The student interns work for four to six hours a day documenting the trees on VCU's campuses. Since late March, the team has inventoried more than 3,000 trees.
The team is using the app ESRI ArcGIS Field Maps to log the trees on campus. The app pinpoints the tree's location, and the interns add data such as genus and species, trunk circumference and overall height. The students then use the iTree Eco app to generate an estimate of a tree's impact in sequestering carbon and producing oxygen.
Margaret Pletcher, an undergraduate environmental studies major and intern with Rice, said that in addition to physical measurements, the team is documenting if the trees are in a tree well, need maintenance or are in contact with power lines - all of which can help Facilities Management. The team started with logs from 2013 and 2021 and is verifying if each tree is still there, as well as logging new and undocumented trees.
After surveying so many, Asnicar can now identify some trees just by looking at them.
"This is a willow oak," she said, pointing at a large tree outside Cabell Library. "The bark is like an oak, and you see these long oval-shaped leaves."
Asnicar describes identifying trees like defining your friends - they all have their unique characteristics.

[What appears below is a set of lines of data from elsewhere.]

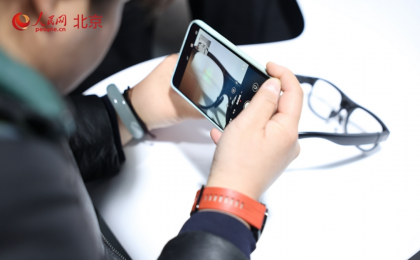 2026中关村论坛年会今日开幕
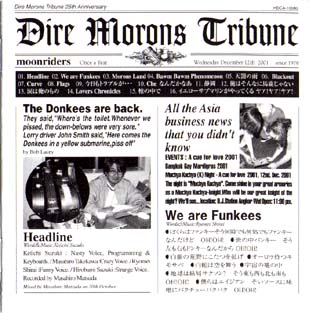 moonriders Dire Morons TRIBUNE Inner 1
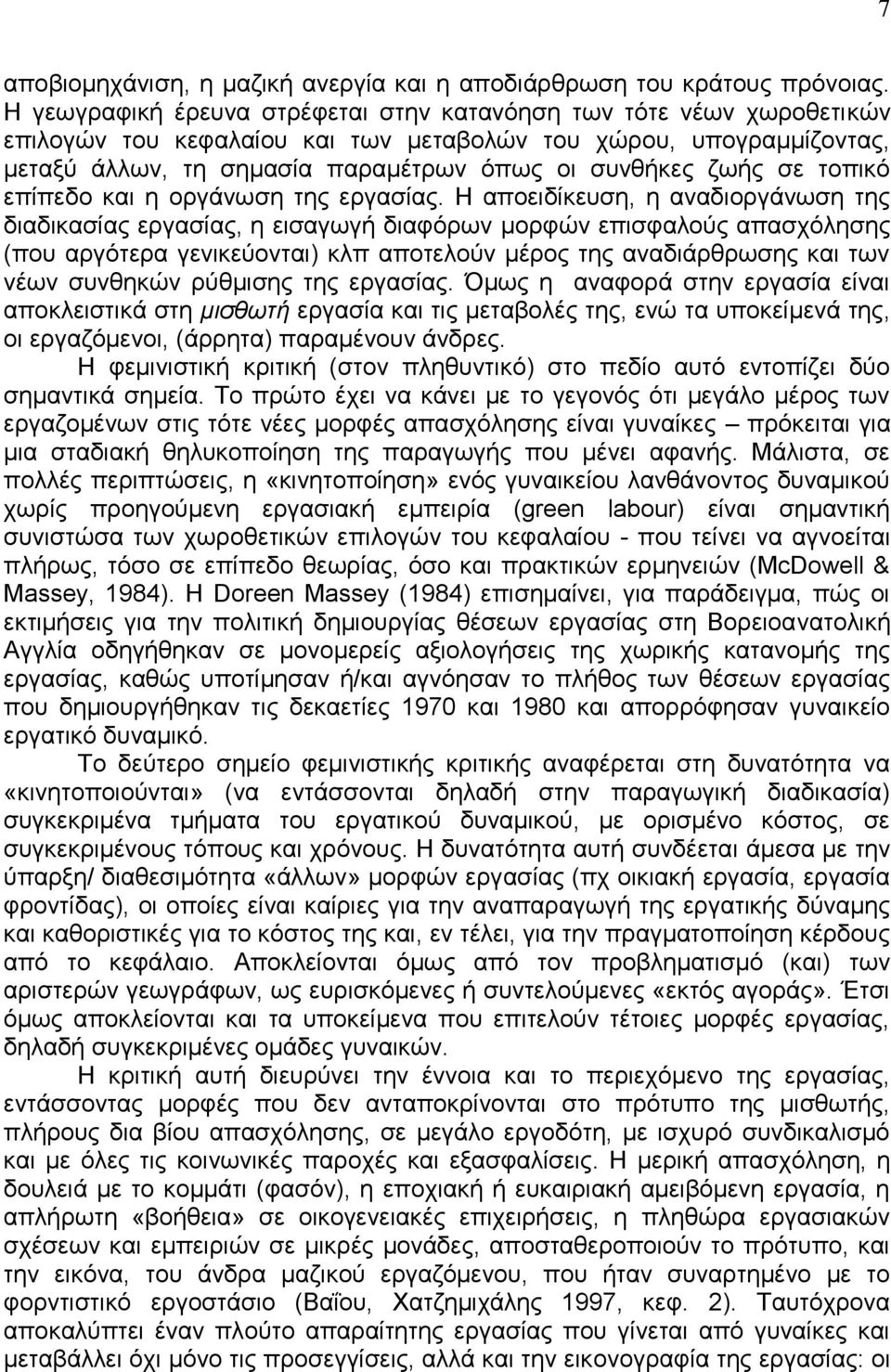 σε τοπικό επίπεδο και η οργάνωση της εργασίας.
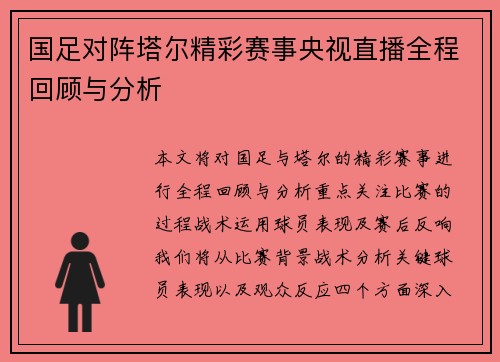 国足对阵塔尔精彩赛事央视直播全程回顾与分析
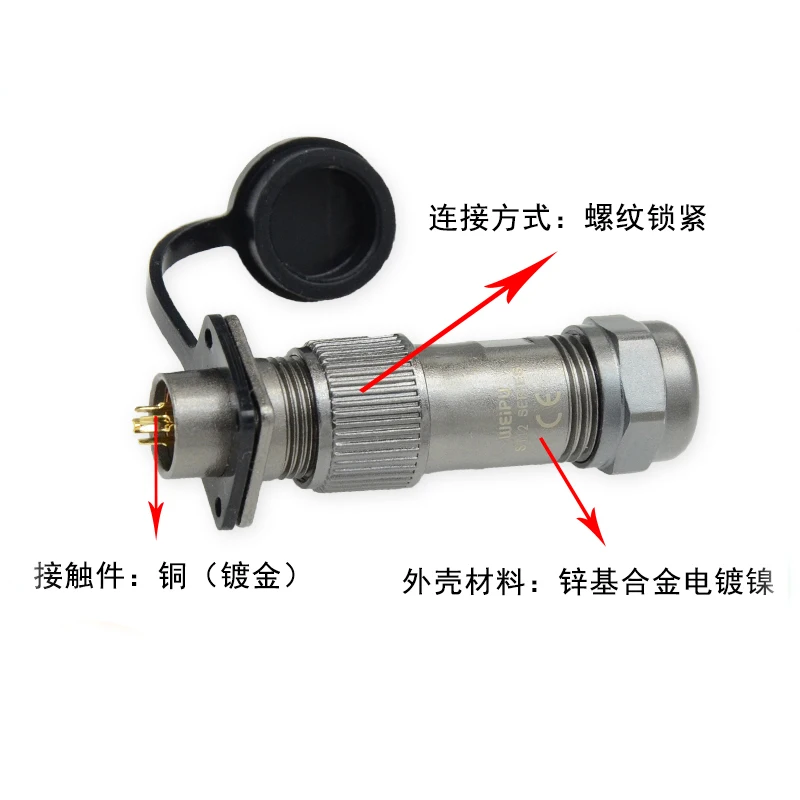 WEIPU ST12 ST1210/P + ST1214 IP67 2 3 4 5 6 7 9  װ Ŀ M12  ÷   г,  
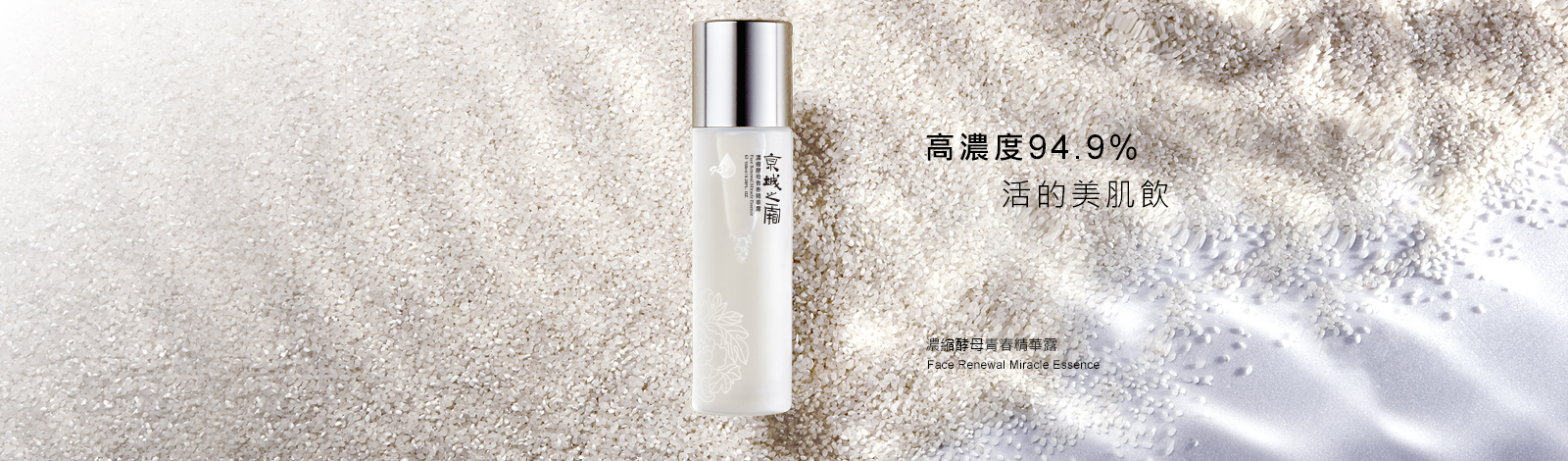 [cml_media_alt id='6046']naruko-miracle-essence-cn-1[/cml_media_alt]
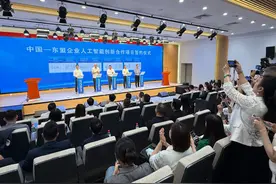 南宁：首批东盟企业入驻南A中心，计划开展人工智能研发等合作项目图片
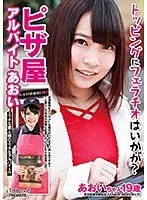 【ベストヒッツ】トッピングにフェラチオはいかが？ピザ屋アルバイト あおい【アウトレット】
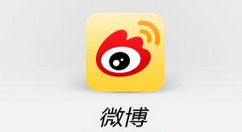 微博小尾巴去掉手機型號詳細(xì)操作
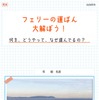 さんふらわあで自由研究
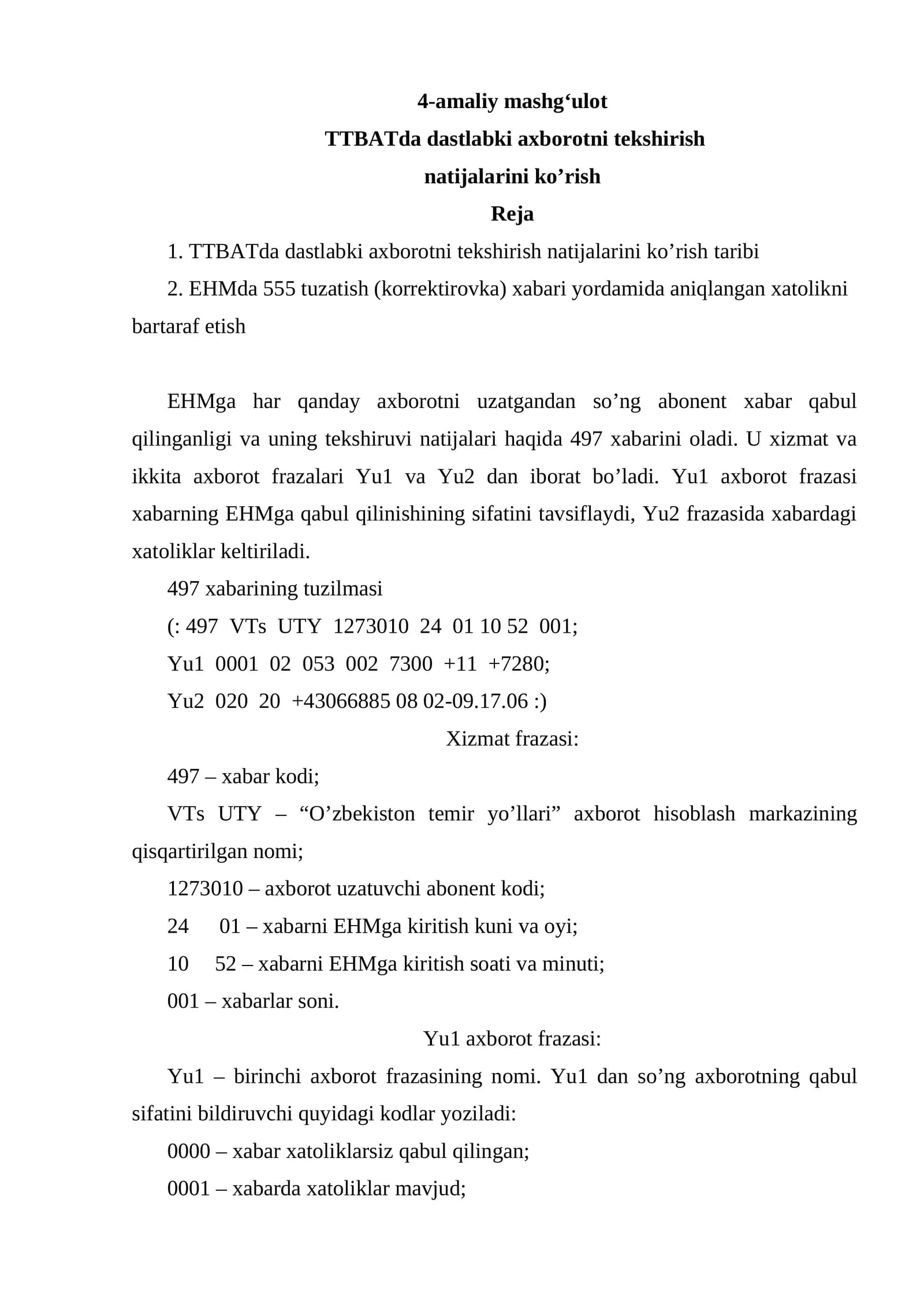 ТТBАТda dаstlаbki ахbоrоtni tekshirish nаtijаlаrini ko’rish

"They have different personalities," Pletcher added.
So do the people who see the team at work, and being out in the field every day, the members have had their fair share of interesting interactions. Pletcher said a man who mistook two members for parking officers - "and was gonna curse you guys out," she recalled him saying - ended up talking about his own trees.
"Everyone has their own connection to what we're doing," Asnicar said. "Or they're just flat-out curious. Why are these people in orange vests? They're like hugging the tree right now," referring to how it looks when she takes measurements of a tree trunk.
Asnicar and Pletcher both agreed that their work is rewarding because it is serving a larger cause.
"I like knowing that what I'm doing will have some result," Pletcher said. "And if I can look back in a semester and see that VCU took what we've done with inventorying and valuing [the trees] and prioritize their protection or management, I would feel really great about that."